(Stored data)
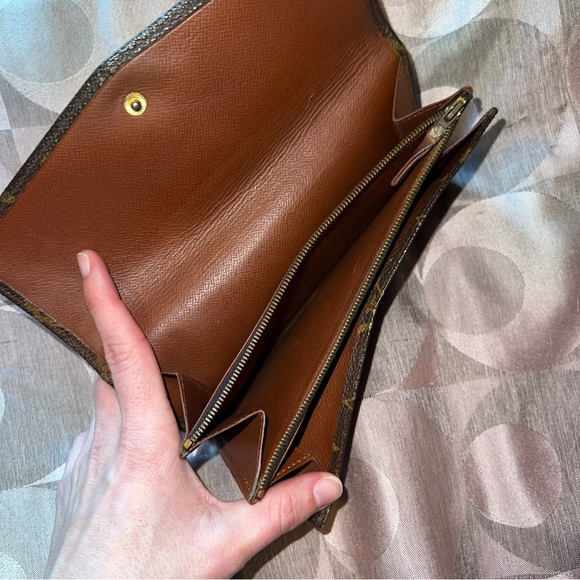 LOUIS VUITTON MONOGRAM LONG WALLET VINTAGE - Picture 8 of 10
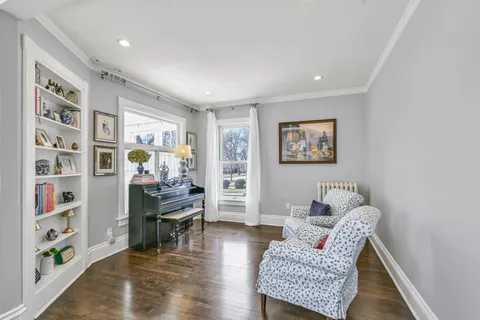 $1,395,000 | 806 East Beaumont Avenue, Whitefish Bay, WI 53217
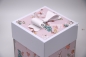 Preview: Explosionsbox Muttertag/ Runder Geburtstag | Geldgeschenk | Küchenschürze | Motiv: Blüten floral | pastell grau rosa | Art. Nr. 06020801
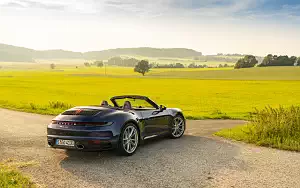   Porsche 911 Carrera Cabriolet (Gentian Blue Metallic) - 2019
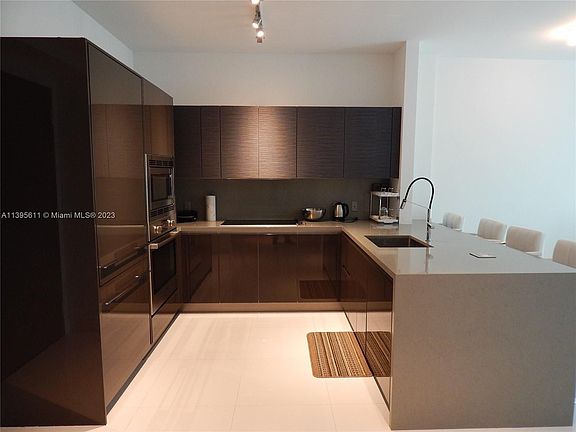 5th image of 1080 Brickell Ave Unit 2407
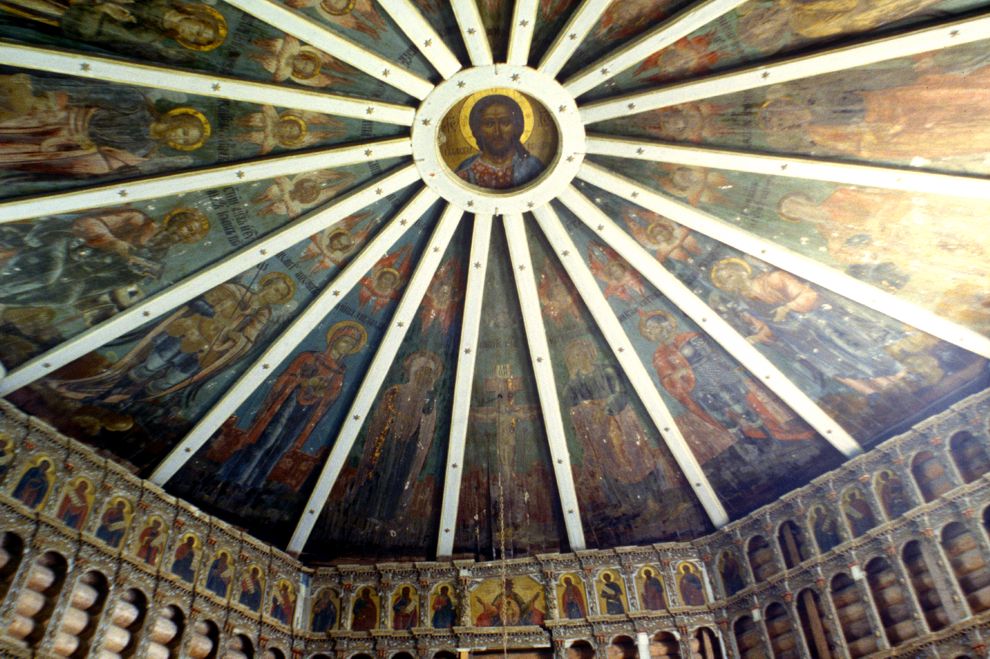 Pogost (one of 3 hamlets comprising village of Oshevensk)
Russia. Arkhangelsk Region. Kargopol District
Church of the Epiphany
Interior. Iconostasis, painted ceiling (Nebo)
1998-06-18
© Photographs by William Brumfield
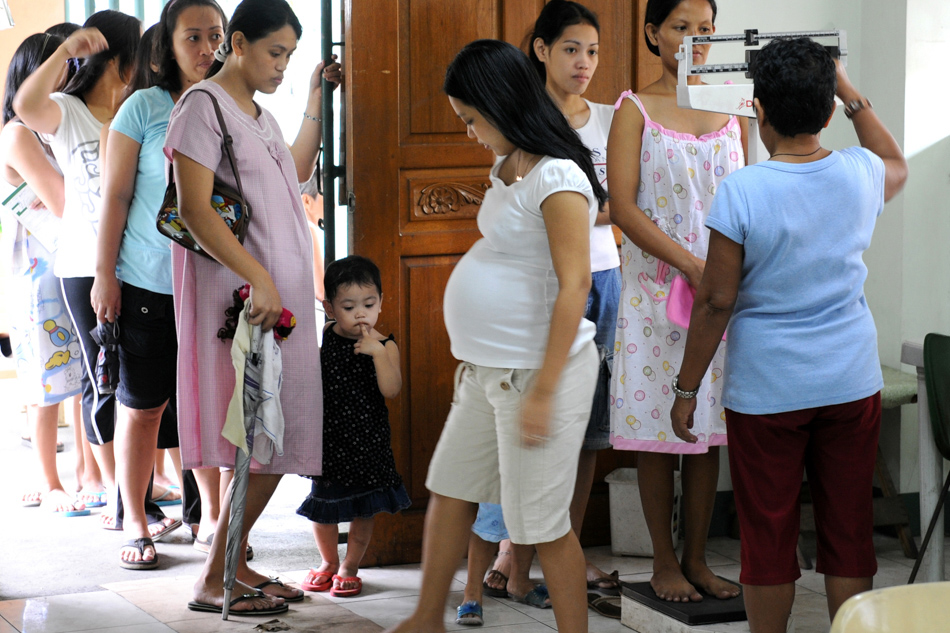 In this picture taken on September 24, 2008, pregnant women visit a Manila clinic for check-up. AFP Photo, Romeo Gacad/File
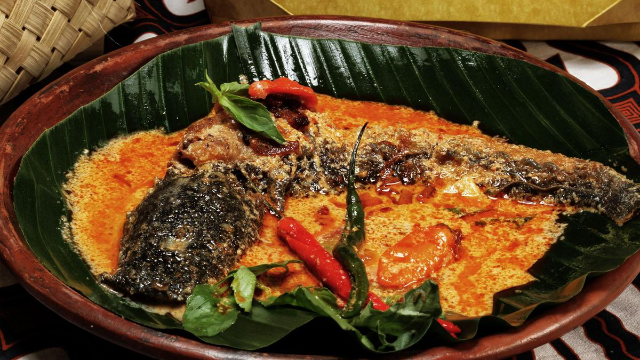 Menyelami Kelezatan Mangut Lele Pedas Gurih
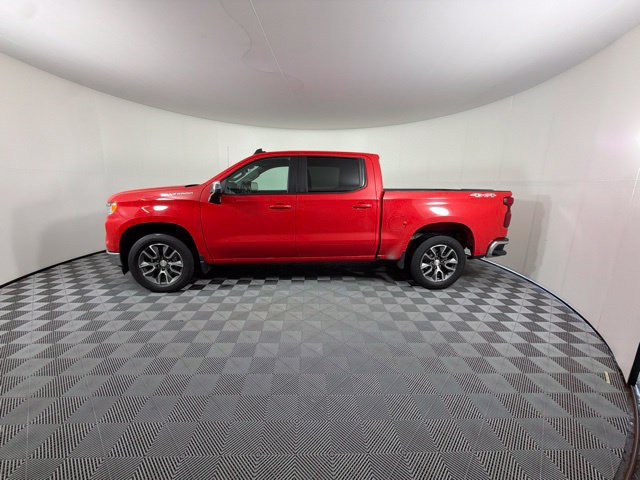 Used 2022 Chevrolet Silverado 1500 LT AWD/4WD image 2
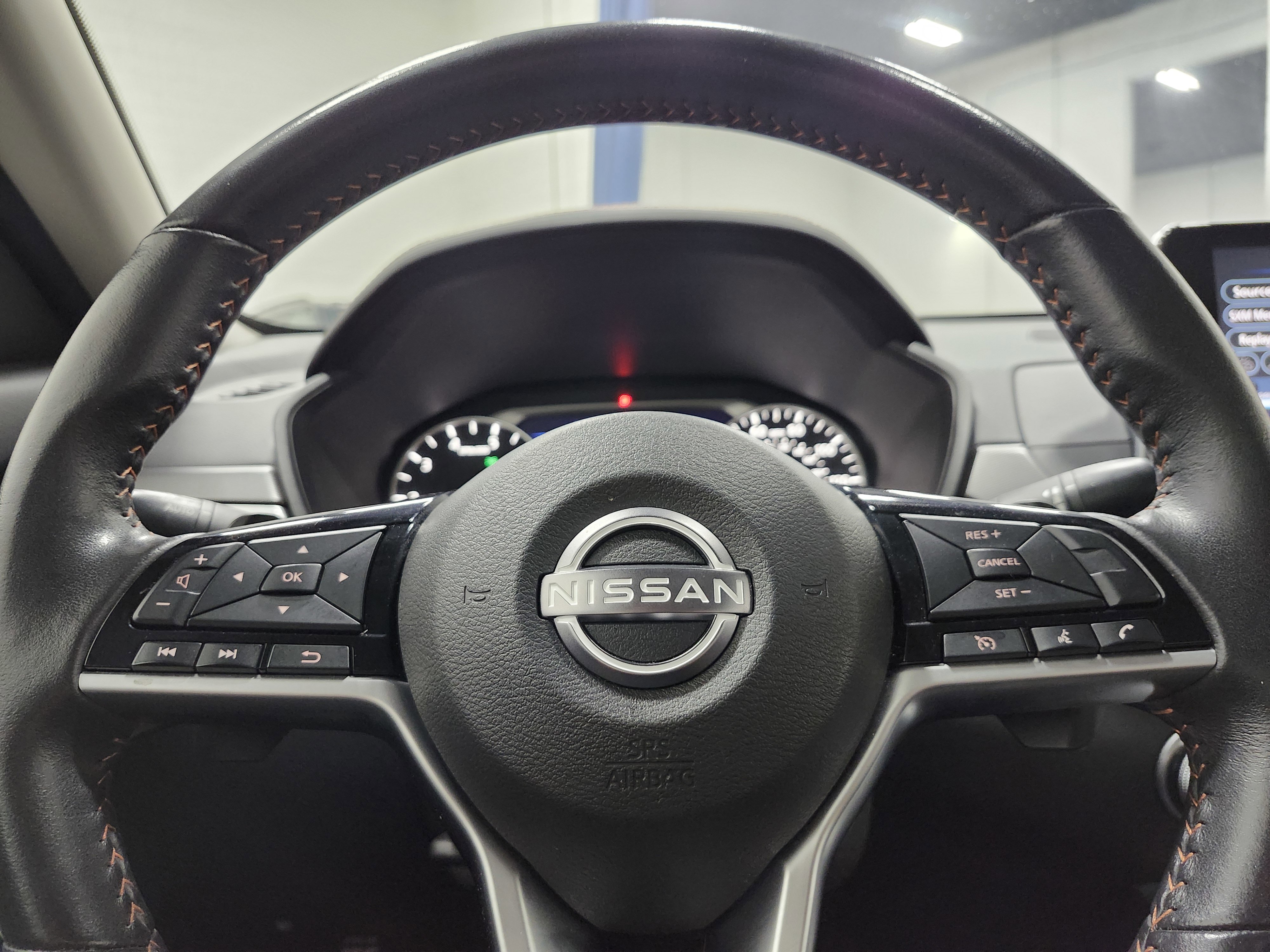 Used 2024 Nissan Altima 2.5 SR image 20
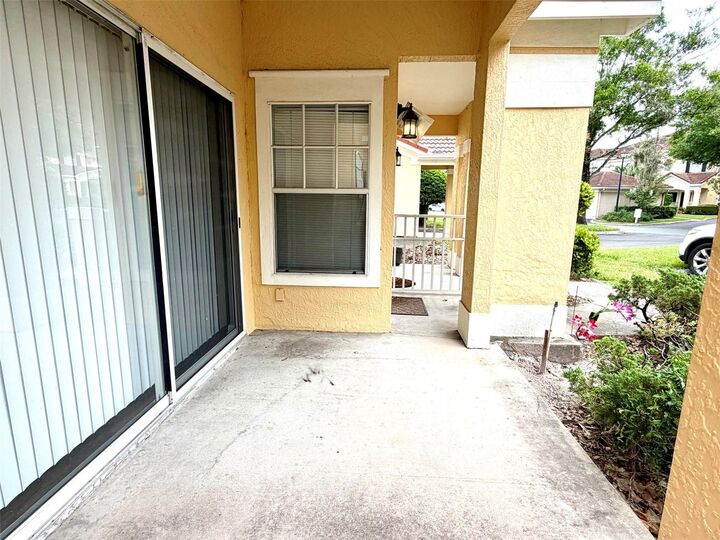 Property Photo: 413 Arbor Lakes Circle 413 FL 32771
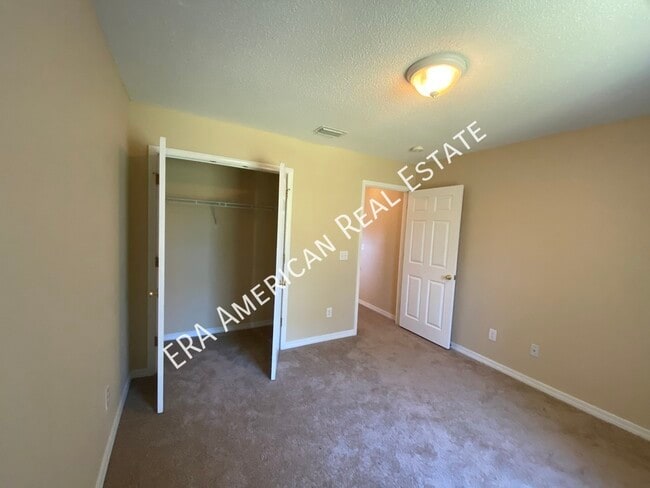 Building Photo - 6846 Fernandina Rd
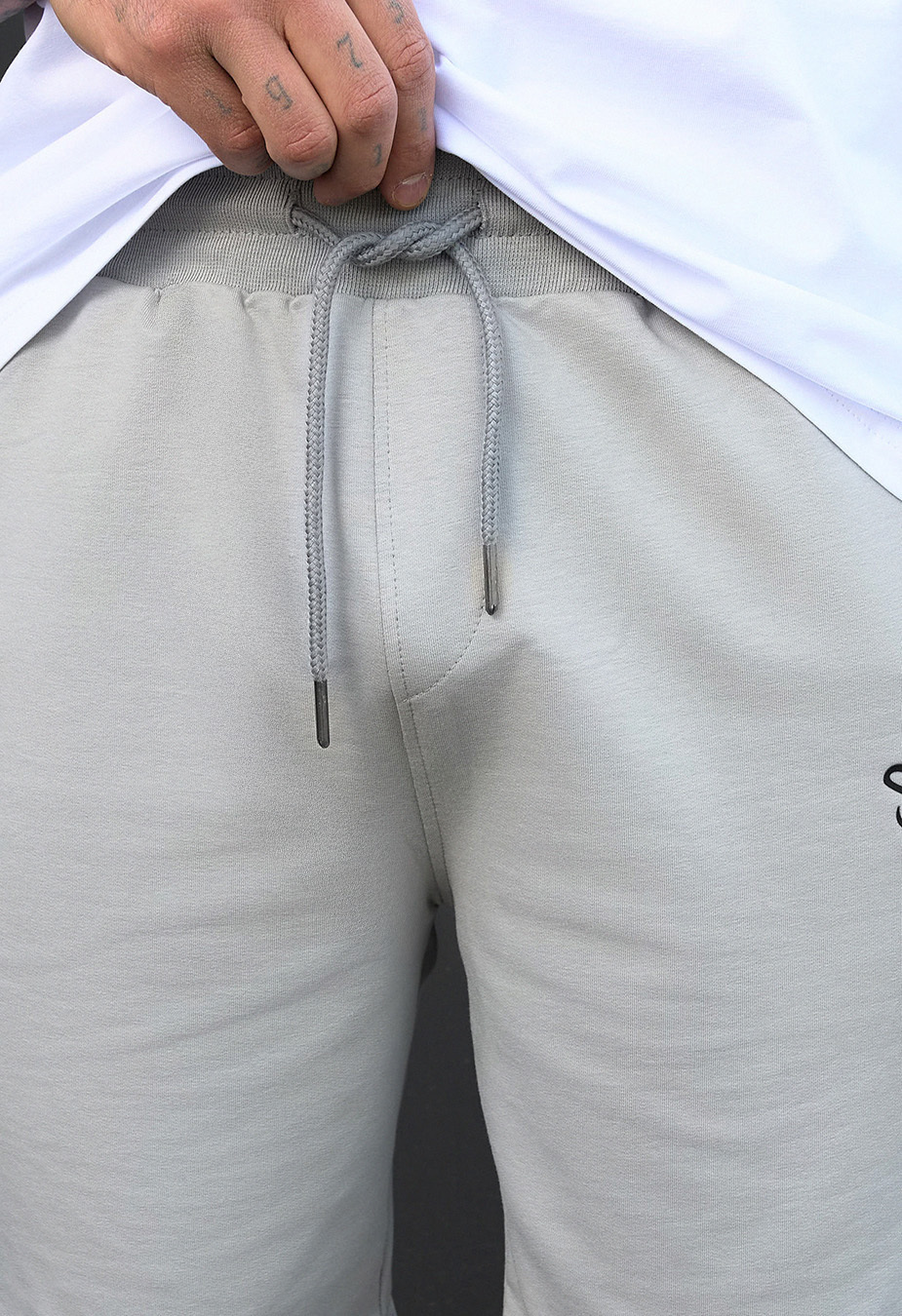 Spodenki Staff light gray logo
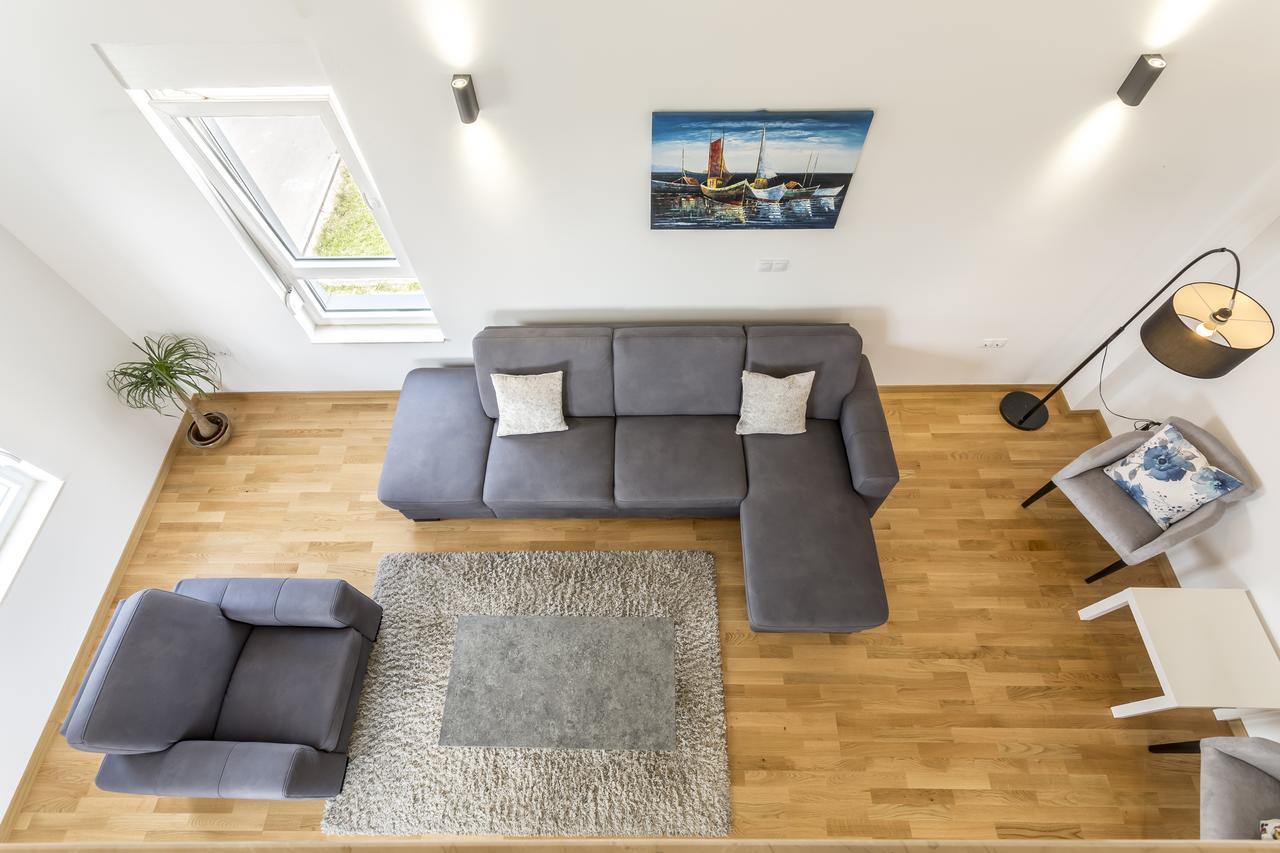 Luxury 3 Bed Apartment, Large Terrace, Pool, Close To Beach And Split! Podstrana Exterior photo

### [Activity]
Please repeat the entries above exactly, leaving out any pictures.

### [Response area]
 LOUIS VUITTON MONOGRAM LONG WALLET VINTAGE - Picture 8 of 10
 $1,395,000 | 806 East Beaumont Avenue, Whitefish Bay, WI 53217
 Preview: Explosionsbox Muttertag/ Runder Geburtstag | Geldgeschenk | Küchenschürze | Motiv: Blüten floral | pastell grau rosa | Art. Nr. 06020801
   Porsche 911 Carrera Cabriolet (Gentian Blue Metallic) - 2019
 5th image of 1080 Brickell Ave Unit 2407
 Pogost (one of 3 hamlets comprising village of Oshevensk)
Russia. Arkhangelsk Region. Kargopol District
Church of the Epiphany
Interior. Iconostasis, painted ceiling (Nebo)
1998-06-18
© Photographs by William Brumfield
 In this picture taken on September 24, 2008, pregnant women visit a Manila clinic for check-up. AFP Photo, Romeo Gacad/File
 Menyelami Kelezatan Mangut Lele Pedas Gurih
 Used 2022 Chevrolet Silverado 1500 LT AWD/4WD image 2
 Used 2024 Nissan Altima 2.5 SR image 20
 Property Photo: 413 Arbor Lakes Circle 413 FL 32771
 Building Photo - 6846 Fernandina Rd
 Spodenki Staff light gray logo
 Luxury 3 Bed Apartment, Large Terrace, Pool, Close To Beach And Split! Podstrana Exterior photo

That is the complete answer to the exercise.